▸ **Exercise directions**
Without copying the images, write out all the entries below verbatim.

^^^^

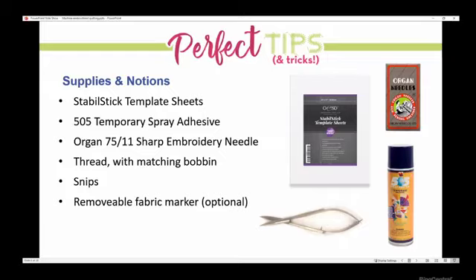For needles, I use a 75/11 or an 80/12 sharp embroidery needle. Organ needles come in both sharp and ballpoint — they're not universal. I like the sharpness because it will penetrate all three layers of my quilt sandwich and make nice clean stitches. It's got a longer scarf and eye so as it's stitching fast it doesn't shred the thread. I typically use Isacord thread. Adjust your needle accordingly if you're using a heavier weight or cotton thread — cotton gives a bit more lint and you have lint from batting too, so clean your machine frequently. Match your bobbin thread to your top thread.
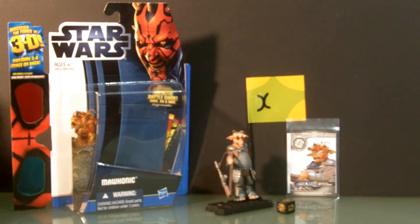What's up YouTube? This is Howl Runner from the Posable Plastic Team, here today to review Mohonic of the Discover the Force collection. So let's get started.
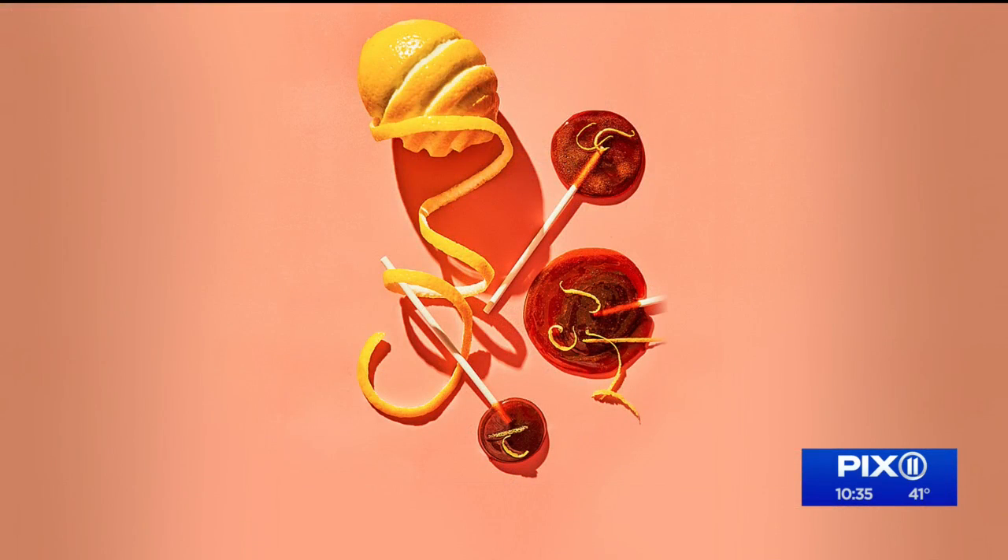Staying healthy — we all want to avoid getting sick. And here at the show, we're big fans of elderberry because it's considered one of the best immune-boosting fruits by some. So today, we're showing you how to make these immunity elderberry honey pops.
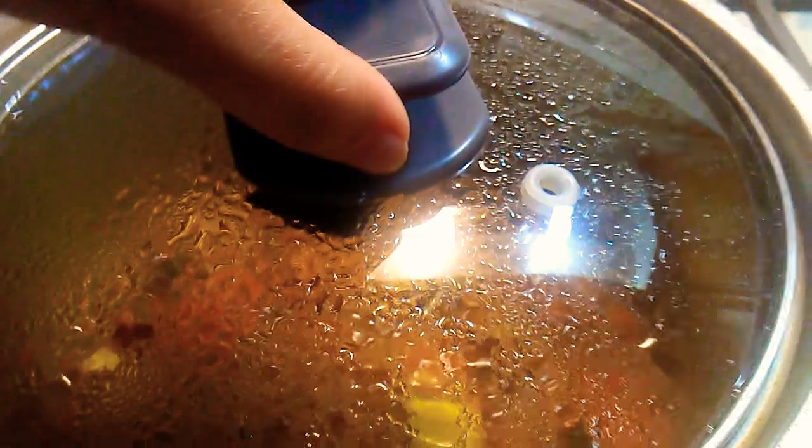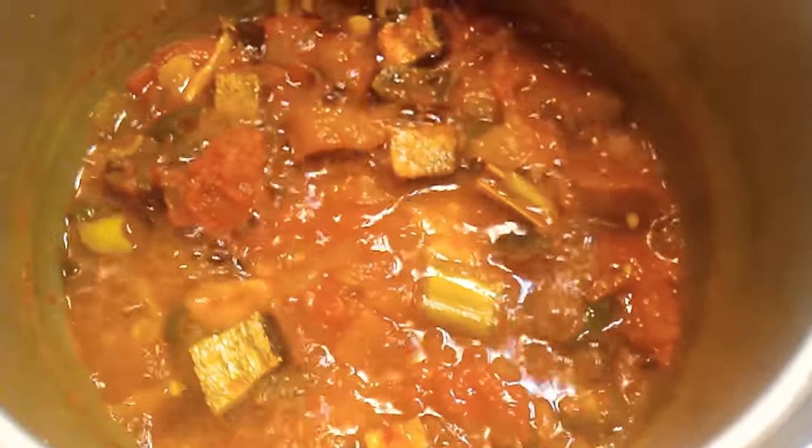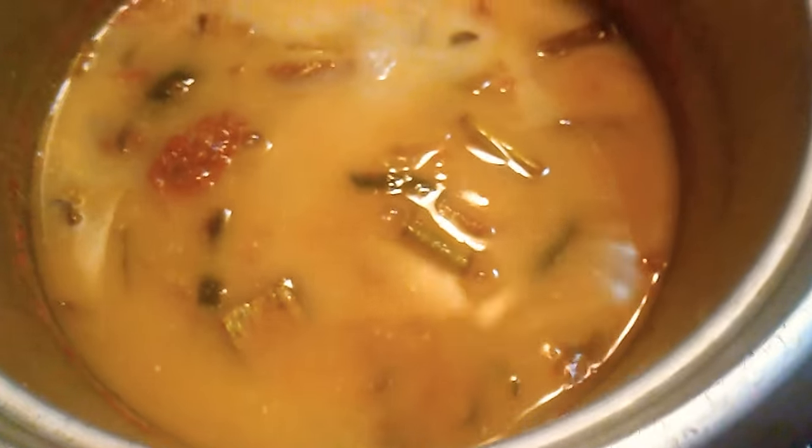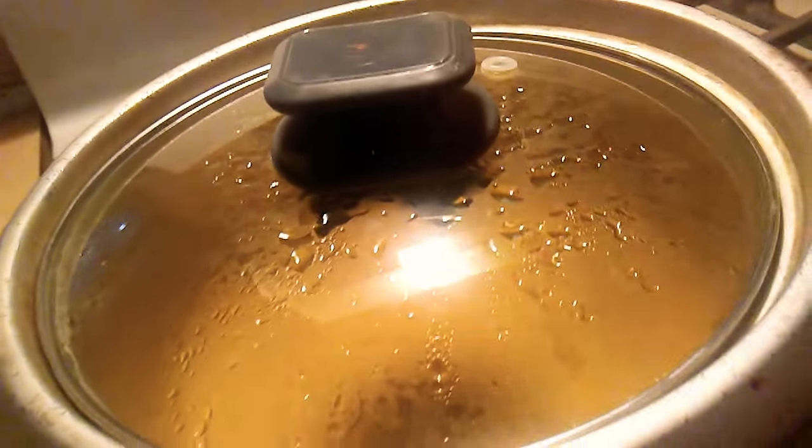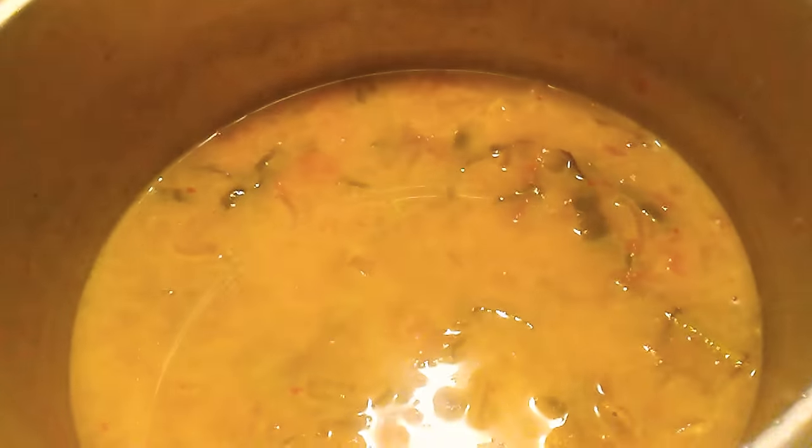Then we will cut the curry in the middle of the rice. We will make the kuru and make it like this.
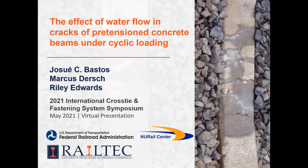Hi, this is Josue Bastos, presenting from Brazil on the effect of water flowing through cracks at pre-tensioned concrete beams under cyclic loading. This is part of my PhD dissertation, which I concluded at RailTech under the guidance of Professor Barkan, Riley Edwards, and Marcus Dersh. I am thankful for this opportunity to present at the symposium, and also thankful for the sponsorship provided by the FRA and the New Rail Center.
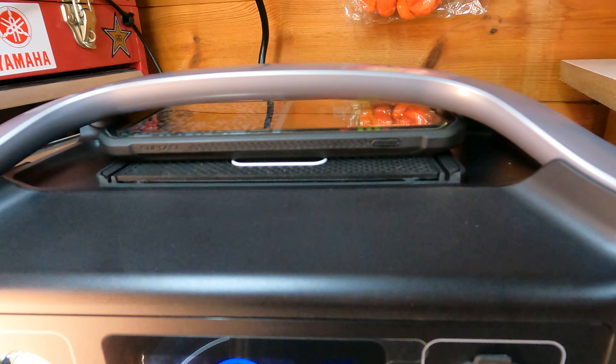Let's see how it goes and see if it works. EcoFlow, take note — you should be fitting this on these units because this thing should fit on there perfectly. We'll give it a go and see how we get on.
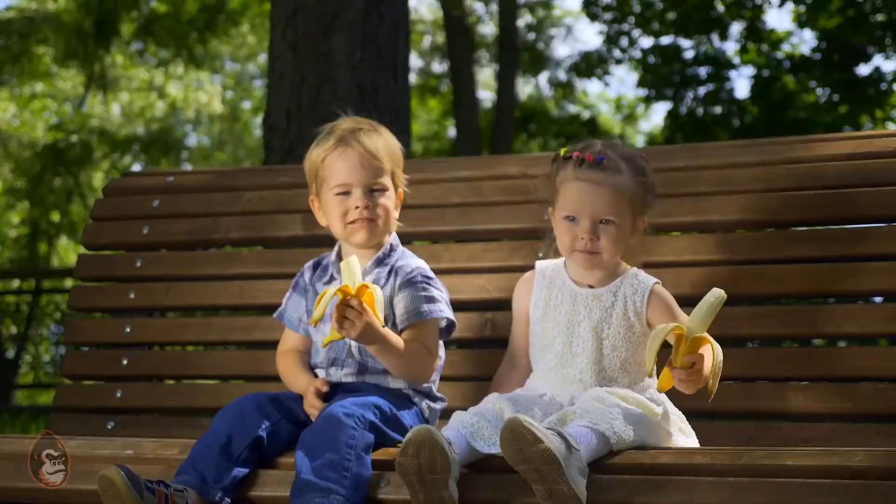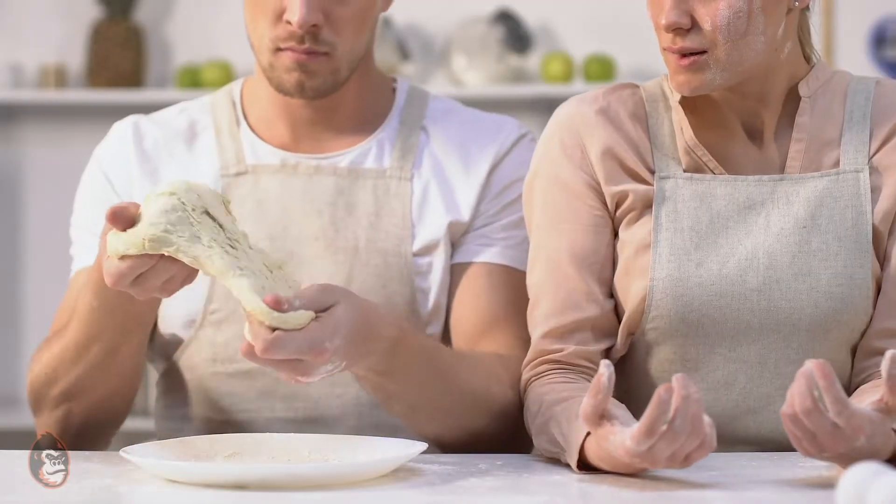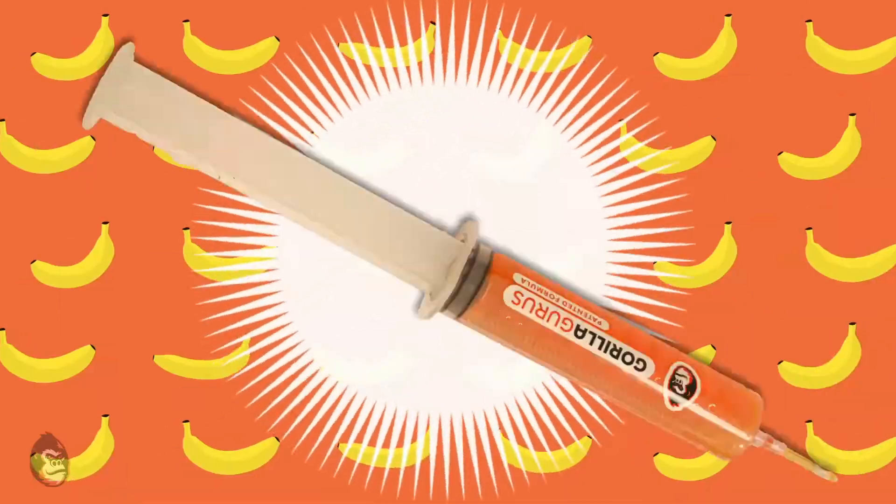Do you like bananas? Are you tired of your bananas turning brown before you can eat them? Are you constantly making banana bread to keep up with the waste? Well, not anymore!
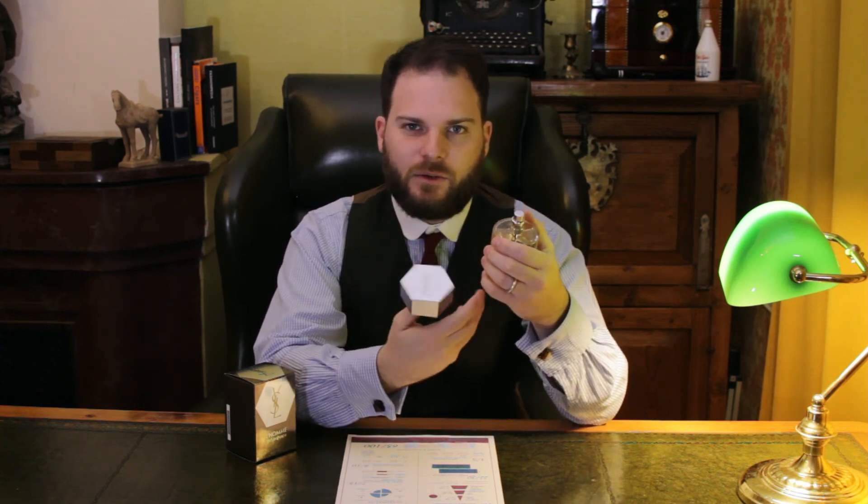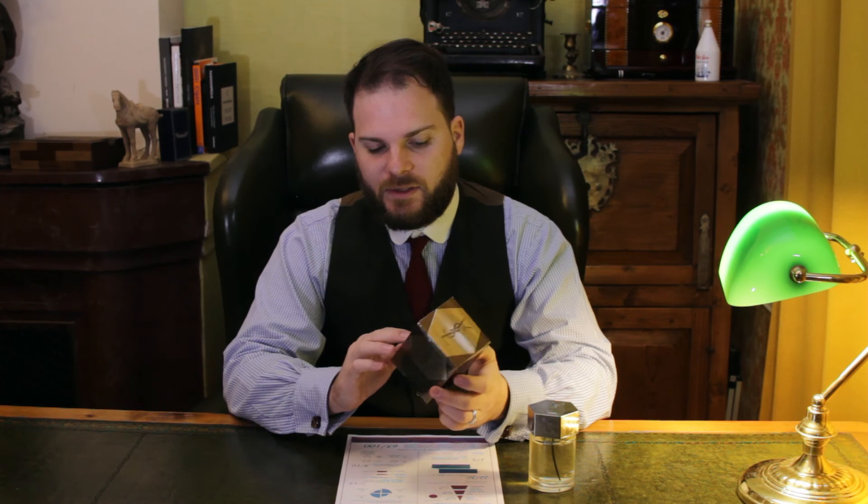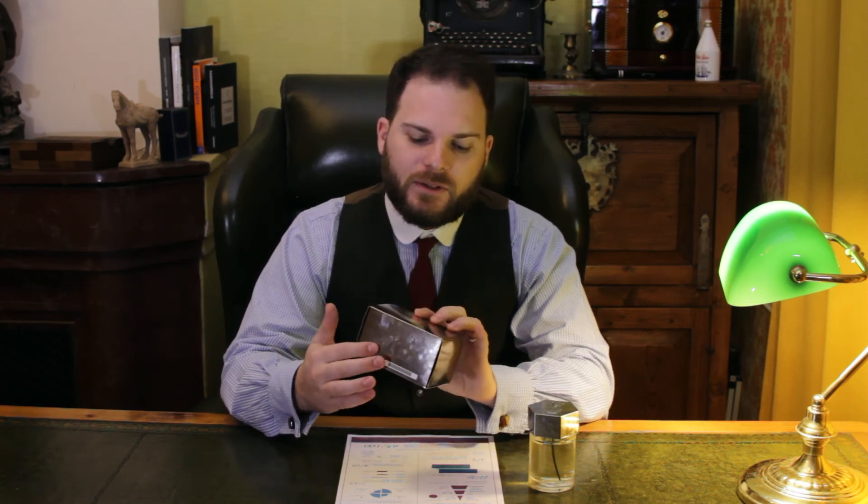Let's talk about YSL L'Homme's presentation. The bottle is quite eye-catching — it features a hexagonal cap with the YSL initials written on it, and the bottle itself is a cylindrical shape with L'Homme Yves Saint Laurent written in the brand's font. The atomizer performs very well and gives a generally even dispersal, however the centre of its cone tends to come out disproportionately thicker than the edges. The packaging is a nice reference to YSL's heritage with 1960s-influenced swirls on the side, and it features the hexagon on the front and on the top.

^^^^

▸ **Response to the exercise**
For needles, I use a 75/11 or an 80/12 sharp embroidery needle. Organ needles come in both sharp and ballpoint — they're not universal. I like the sharpness because it will penetrate all three layers of my quilt sandwich and make nice clean stitches. It's got a longer scarf and eye so as it's stitching fast it doesn't shred the thread. I typically use Isacord thread. Adjust your needle accordingly if you're using a heavier weight or cotton thread — cotton gives a bit more lint and you have lint from batting too, so clean your machine frequently. Match your bobbin thread to your top thread.
What's up YouTube? This is Howl Runner from the Posable Plastic Team, here today to review Mohonic of the Discover the Force collection. So let's get started.
Staying healthy — we all want to avoid getting sick. And here at the show, we're big fans of elderberry because it's considered one of the best immune-boosting fruits by some. So today, we're showing you how to make these immunity elderberry honey pops.
Then we will cut the curry in the middle of the rice. We will make the kuru and make it like this.
Hi, this is Josue Bastos, presenting from Brazil on the effect of water flowing through cracks at pre-tensioned concrete beams under cyclic loading. This is part of my PhD dissertation, which I concluded at RailTech under the guidance of Professor Barkan, Riley Edwards, and Marcus Dersh. I am thankful for this opportunity to present at the symposium, and also thankful for the sponsorship provided by the FRA and the New Rail Center.
Let's see how it goes and see if it works. EcoFlow, take note — you should be fitting this on these units because this thing should fit on there perfectly. We'll give it a go and see how we get on.
Do you like bananas? Are you tired of your bananas turning brown before you can eat them? Are you constantly making banana bread to keep up with the waste? Well, not anymore!
Let's talk about YSL L'Homme's presentation. The bottle is quite eye-catching — it features a hexagonal cap with the YSL initials written on it, and the bottle itself is a cylindrical shape with L'Homme Yves Saint Laurent written in the brand's font. The atomizer performs very well and gives a generally even dispersal, however the centre of its cone tends to come out disproportionately thicker than the edges. The packaging is a nice reference to YSL's heritage with 1960s-influenced swirls on the side, and it features the hexagon on the front and on the top.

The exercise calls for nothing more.